The Government has ruled out reversing cuts to Adult Community Education (Ace) despite protests against the move.
More than 100,000 protest postcards are expected to arrive at Parliament from people affected by cuts to Ace funding.
Money for Ace programmes offered through secondary schools will be cut by 80 per cent from January and other programmes will be cut from 2011.
Community Learning Association through Schools (Class) president Maryke Fordyce said the cuts would affect more than 200,000 people in courses ranging from cooking and painting to business management.
The cuts would lead to job losses for up to 200 co-ordinators and about 2000 tutors.
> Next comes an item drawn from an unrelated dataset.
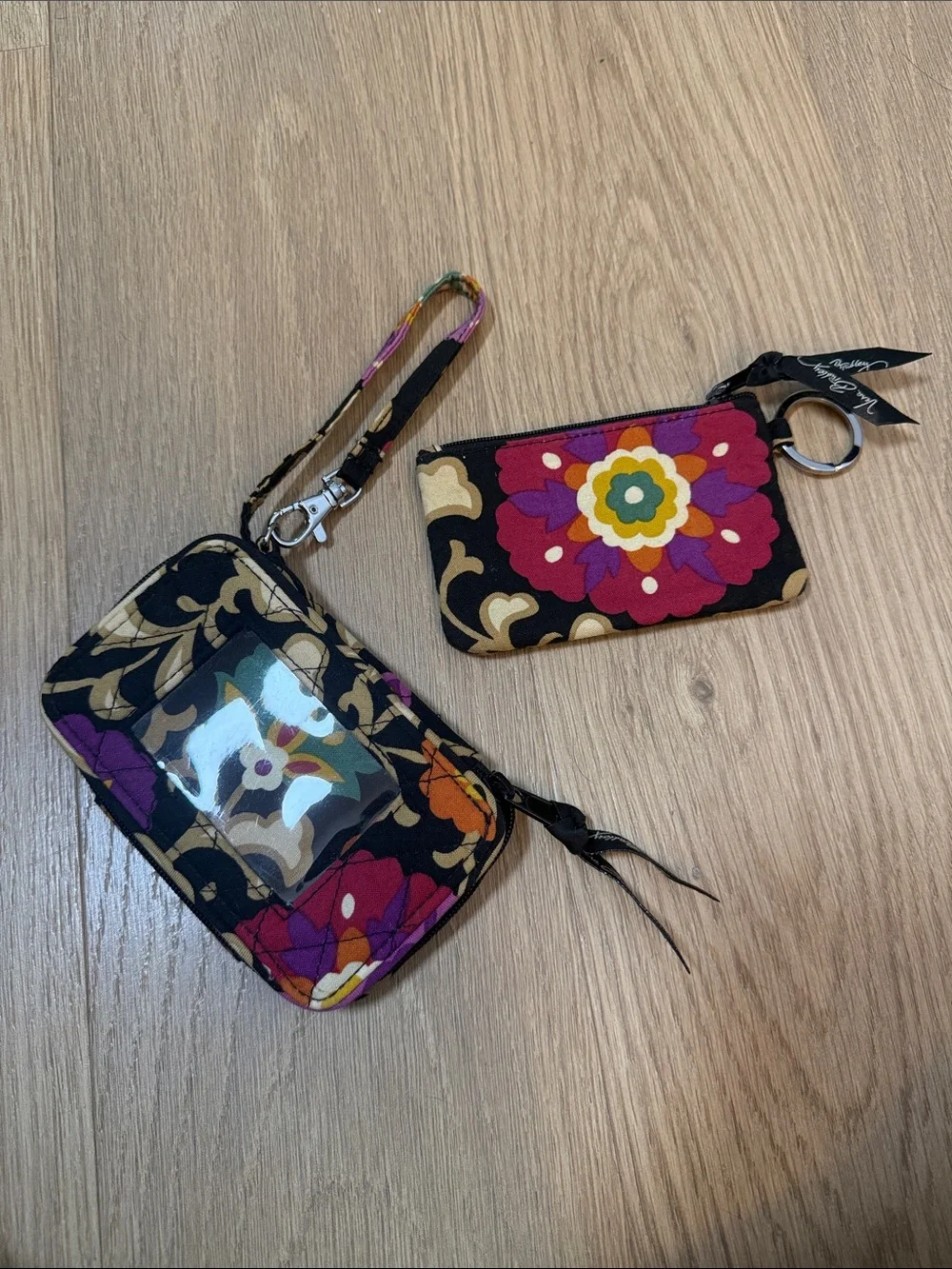 Vera Bradley Floral Black Multicolor Wristlet and Key Pouch Set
Class was printing protest postcards and giving them to Ace providers to send to the Government. About 75,000 had been sent out and demand was so high that Class was printing another 50,000.
A review of Vote Education released last week showed spending on adult and community education was forecast to reach $50.6 million by 2012-13, up from $15.4m 12 years earlier.
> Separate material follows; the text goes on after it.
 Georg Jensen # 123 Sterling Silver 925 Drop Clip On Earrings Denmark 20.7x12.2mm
Education Minister Anne Tolley said her office had received "a number of postcards about Ace" but was not counting them.
They were the result of "a campaign based on misleading information and orchestrated by the Labour Party", she said.
The funding cuts were about priorities, and the Government had chosen to focus spending on numeracy and literacy programmes, she said.
"I'm faced with demand to fund extra places for young people wanting skills training. Is it reasonable to deny them funding in favour of personal interest and hobby courses?"
Labour tertiary education spokeswoman Maryan Street said the protests were a grassroots movement. Community anger at the decision had been underestimated by Tolley and Finance Minister Bill English.